Seven white Mississippi sheriffs are immortalized in an infamous 1962 Life photograph. In this horrific freeze-frame of racism, the sheriffs admire a billy club with obvious pleasure, preparing for the unrest they anticipate—and to which they clearly intend to contribute—in the wake of James Meredith's planned attempt to integrate the University of Mississippi.
In telling the stories of these men, Paul Hendrickson gives us an extraordinarily revealing view of racism in America at that moment. But his ultimate focus is on the part this legacy has played in the lives of their families—how the racial bigotry of those seven white Mississippi sheriffs has been transformed or has remained untouched in their children and grandchildren.
A prize-winning feature writer for the Washington Post for more than 20 years, Paul Hendrickson now teaches nonfiction writing at the University of Pennsylvania. He is the author of three previous books, two of them book award finalists: Looking for the Light (a finalist for the National Book Critics Circle Award), and The Living and the Dead: Robert McNamara and Five Lives of a Lost War (National Book Award finalist, New York Times Notable Book of the Year, and Publisher's Weekly Best Books of the Year).
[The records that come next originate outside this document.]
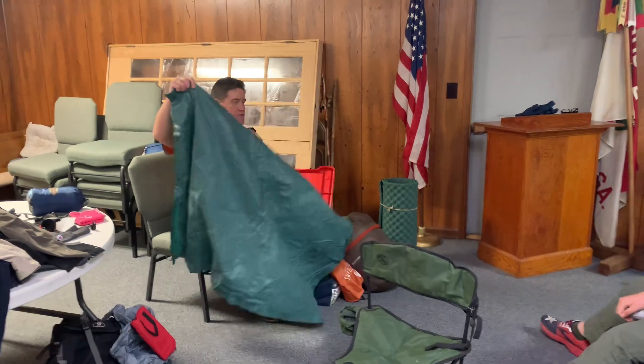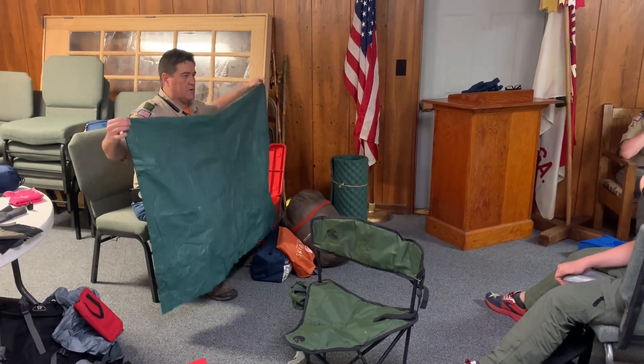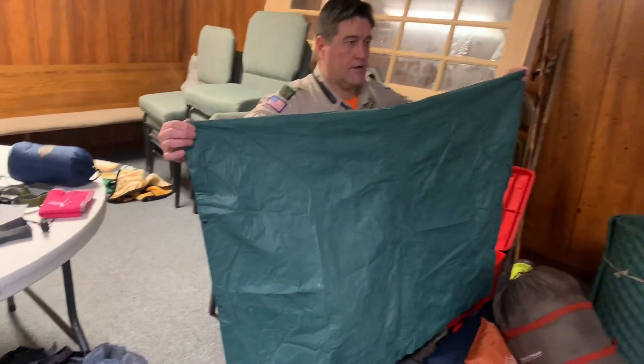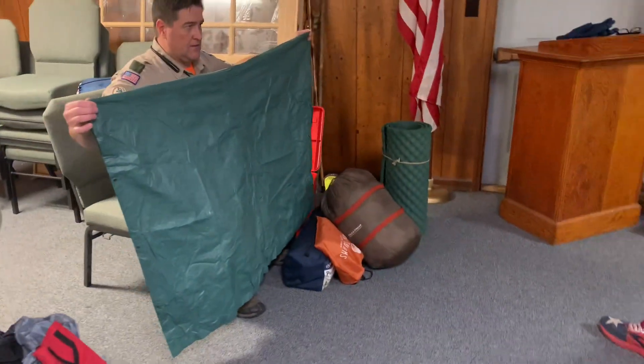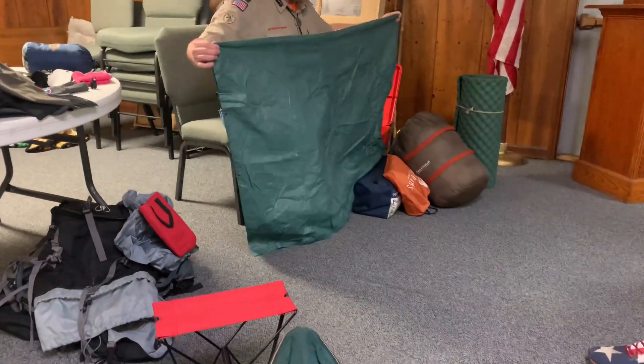When you get ready to set your tent up, you're going to want a tarp. If you don't have a tarp, you will resort to using your rain fly, because the ground is going to be wet when we get there and it's going to freeze that night. You don't want the bottom of your tent to be wet, and the bottom of your tent is going to freeze that night.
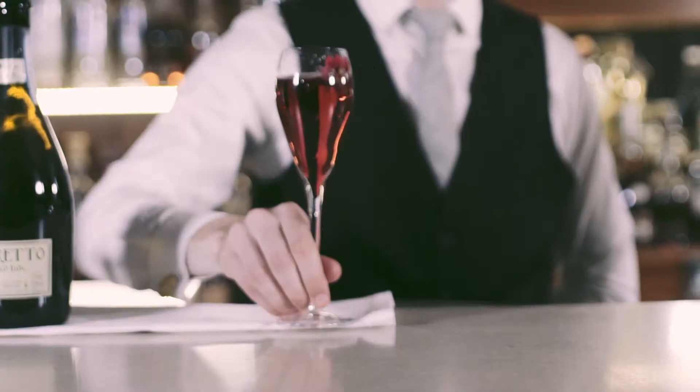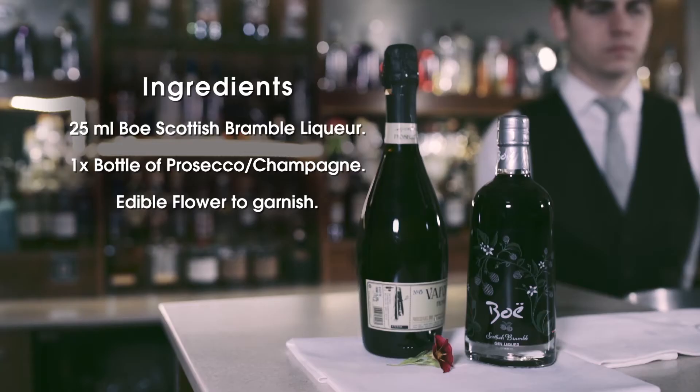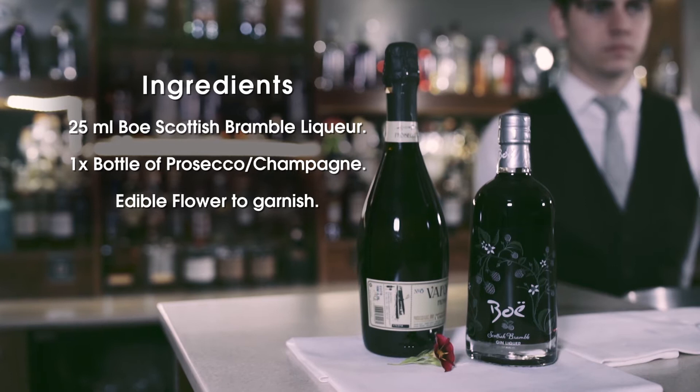Hello, my name's Greg and I'm going to show you how to make a Royal Beau, our take on a classic Kir Royale. For this you'll need Beau Scottish Bramble Liqueur, good quality prosecco or champagne if you prefer, and some edible flowers to garnish.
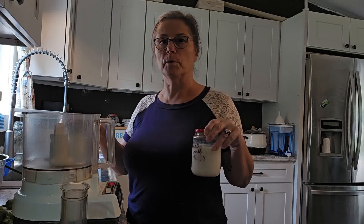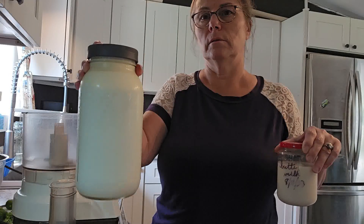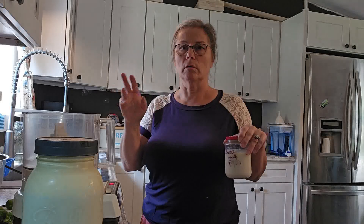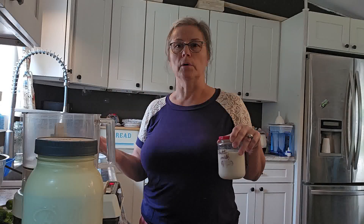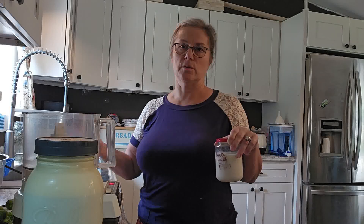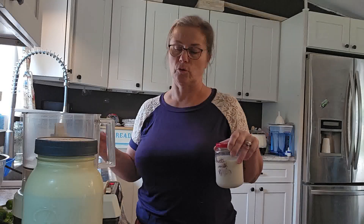When you get fresh cow's milk like I have here, it does not go bad and sour like the milk in the store. It does sour, but the souring is called clabbering. It changes form and you can make sour cream out of it and various things. It doesn't go bad and become disgusting like the milk you buy in the store.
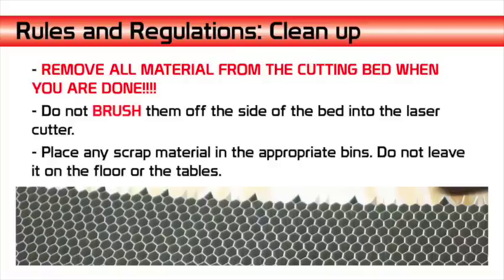When you are done cutting, please remove all the materials from the cutting bed. Sometimes small pieces will fall through the honeycomb and this is okay, but if there are pieces on the bed remove them. Do not brush them off to the sides of the bed or push them down through the honeycomb. If they are small you can use a piece of tape to pick them up, but do not brush them off the sides. This creates a fire hazard and can damage the cutter. There is a vacuum cleaner next to the laser cutters for this use.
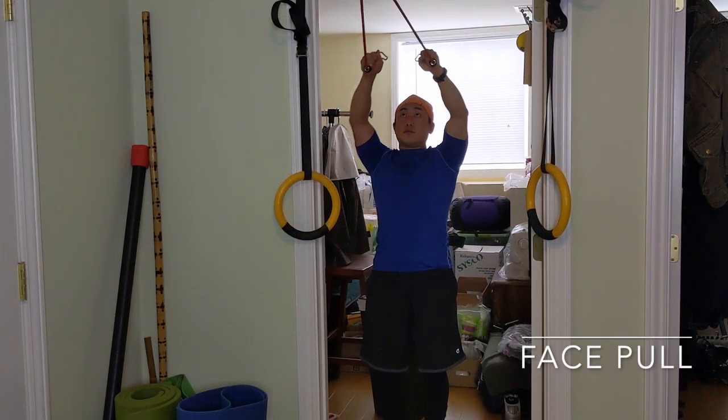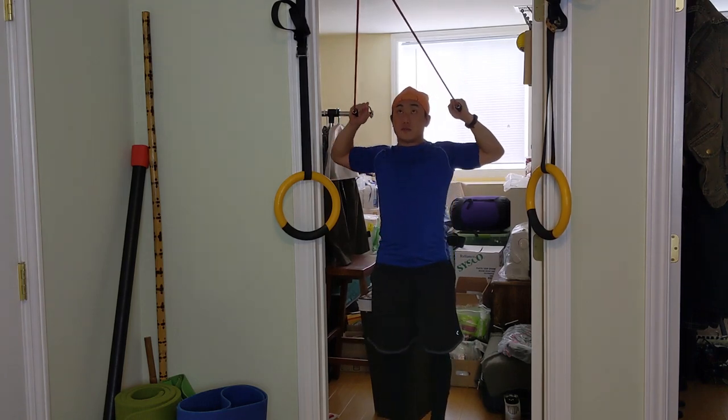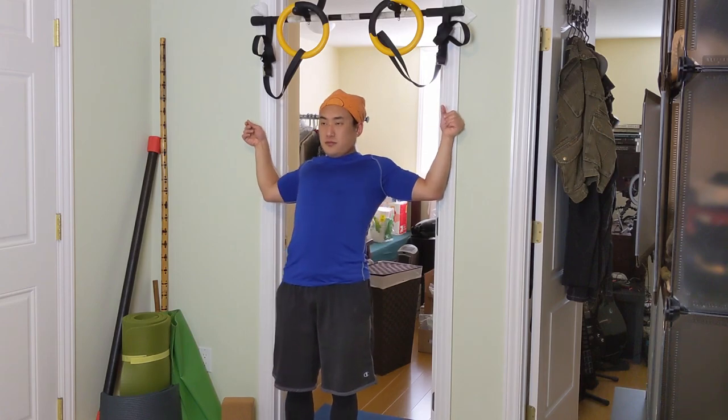Last but not least are face pulls, which are actually one of my favorite exercises — not just for physical therapy but also for building strength. You can do them with a band or against the wall. The key focus is on the wrists: don't just pull to your face — imagine pulling your wrists behind your ears. That hitchhiker motion is external rotation, and that's what you're trying to strengthen and build mobility in.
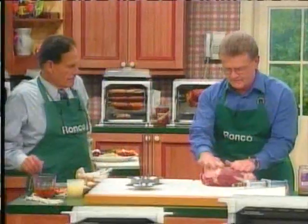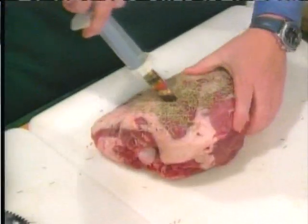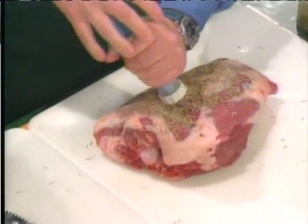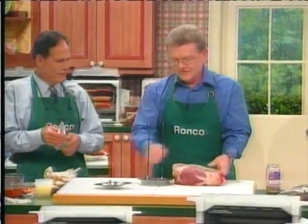You take the solid flavor injector, right, and it's this simple — you take it, you stick it in, you inject it, pull it out, you're done. Pretty simple, very simple.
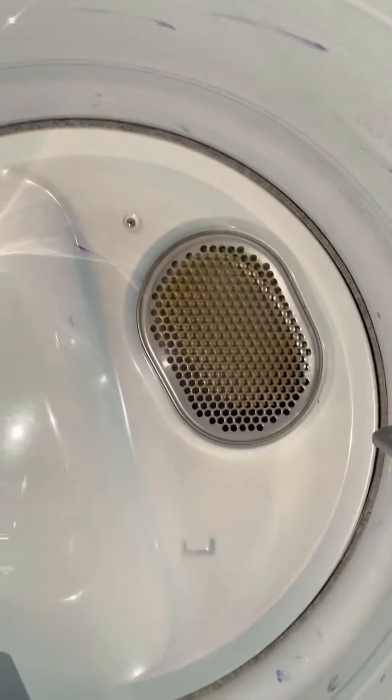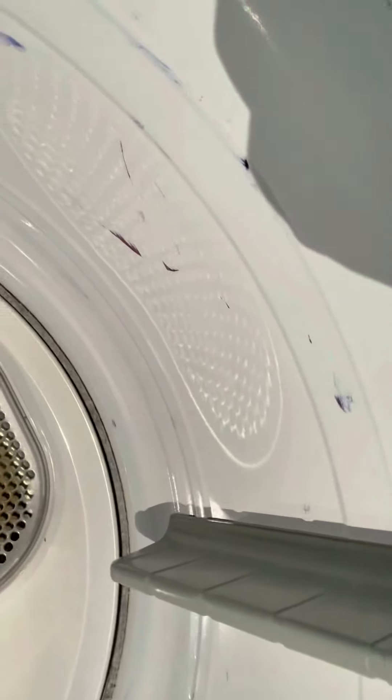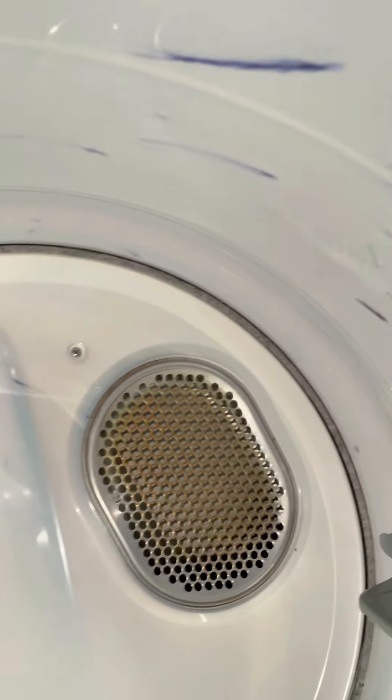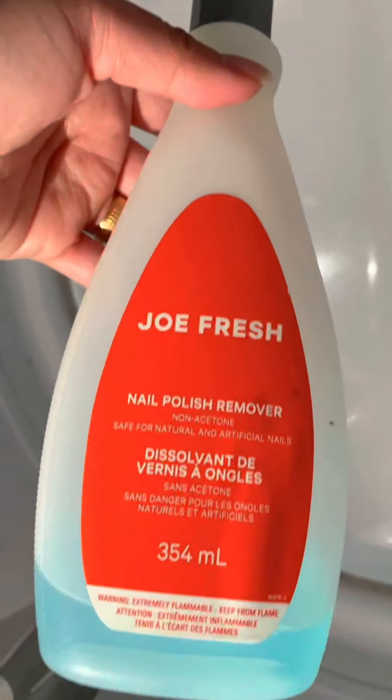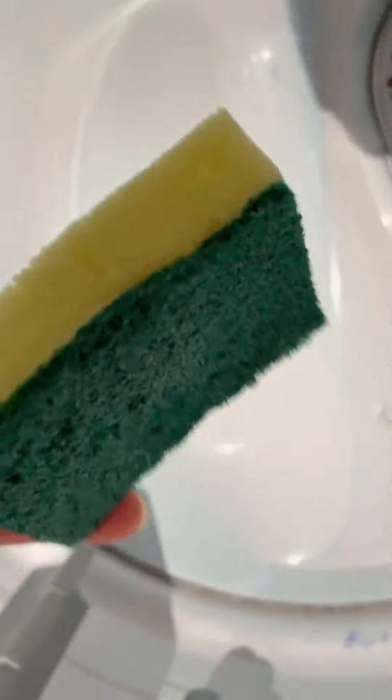Welcome to my YouTube channel Venus Amogis. I have a problem here — how to remove ball pen ink from your dryer or washing machine. My husband forgot to take the ball pen out of his pocket. I have nail polish remover here — you can buy this at a superstore, Walmart, or any store. I also have tissue and scotch paper. Let's start.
Hendrickson has been awarded various fellowships and numerous journalism honors and awards. In 1999 he was named a Guggenheim Foundation Fellow for his work on Sons of Mississippi. Partially educated in the South, in the late 1950s and early 1960s, in a seminary for the Catholic missionary priesthood, Hendrickson has degrees in American literature from St. Louis University and Pennsylvania State University.